Facebook is one vision of ~modern life. Social networks are massively overrated in term of human value IMO. I think whatsapp is probably closer to what would be useful and not toxic. I don't believe people need profiles and graphs and whatever.
The profiles and graphs are really for advertisers, aren’t they? It seems like this discussion is centering on the utility that Facebook’s consumer products provide for it members. As we are often reminded, due to their business model, interests of users are indirect, secondary. Facebook’s main service is of course for advertisers.
I just came back from an island, we barely used computers. Never been so happy. People use whatsapp a lot, but it's just a modern reincarnation of phones. Send a little text, a little voice message, a little video. Nothing more. There it seems it's just right fulfilling the need to chat. The rest was a fantasy.
Sort of. Facebook has left a market wide open, their original one. At the start when people started to use Facebook it was mostly young people sharing more intimate pictures and stories with their friends and people of similar age and mindset.
Now facebook is your public profile, where your aunt, parents and employer can see everything you do and judge every post you make. That's why we have nice pictures of cityscapes, nature, holidays and of food on our profiles. Because anything intimate or controversial would be exposed to a too big audience for comfort.

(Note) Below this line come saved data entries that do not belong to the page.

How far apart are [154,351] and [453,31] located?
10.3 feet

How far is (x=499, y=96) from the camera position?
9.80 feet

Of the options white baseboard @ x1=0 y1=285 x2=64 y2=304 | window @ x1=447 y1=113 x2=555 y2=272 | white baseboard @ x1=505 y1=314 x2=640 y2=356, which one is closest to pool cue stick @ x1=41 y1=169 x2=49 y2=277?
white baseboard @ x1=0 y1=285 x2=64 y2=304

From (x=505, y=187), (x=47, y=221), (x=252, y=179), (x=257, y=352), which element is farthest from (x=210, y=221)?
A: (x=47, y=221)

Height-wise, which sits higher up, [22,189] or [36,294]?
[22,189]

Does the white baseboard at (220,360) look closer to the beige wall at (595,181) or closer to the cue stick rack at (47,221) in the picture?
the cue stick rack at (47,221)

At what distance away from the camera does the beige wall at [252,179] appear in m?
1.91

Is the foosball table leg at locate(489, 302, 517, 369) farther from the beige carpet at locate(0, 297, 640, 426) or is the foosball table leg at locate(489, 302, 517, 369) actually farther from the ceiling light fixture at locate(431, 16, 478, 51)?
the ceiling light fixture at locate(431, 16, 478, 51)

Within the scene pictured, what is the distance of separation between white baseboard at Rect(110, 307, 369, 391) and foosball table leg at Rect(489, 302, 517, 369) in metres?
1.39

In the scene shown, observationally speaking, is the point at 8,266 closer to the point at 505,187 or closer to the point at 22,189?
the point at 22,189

So the market for smaller circles of "parent free zones" is wide open. I personally believe that's one of the reason Instagram got traction, your parents and employer weren't there in the start but your friends were. Just look at Tumbler.
The service Facebook provides through their website is awful. I have no reason to use it, and have tried repeatedly only to be beaten back by their incompetence and even apparent malice. So maybe their graph is the best, but what are they really doing with it?
Facebook jumped the shark when they started trying to encourage private individuals to “create engagement” and pay to boost their posts. If internal marketing jargon is leaking into your UX, you clearly have serious problems with how your staff are being incentivised.
Facebook could have become an engine that allowed society to maximise human capital and but they sacrificed all that potential at the altar of growth hacking and bleeding advertisers dry.
I remember when that first came out, and was based on how many friends you had. It would have cost me $90 to promote my vacation photos to a group of people semi-randomly selected by Facebook and chance from my friends list, and for people with more ‘friends’, they wanted up to $500, if I recall.
Socially, it is extremely out of touch to even offer such a service to individuals.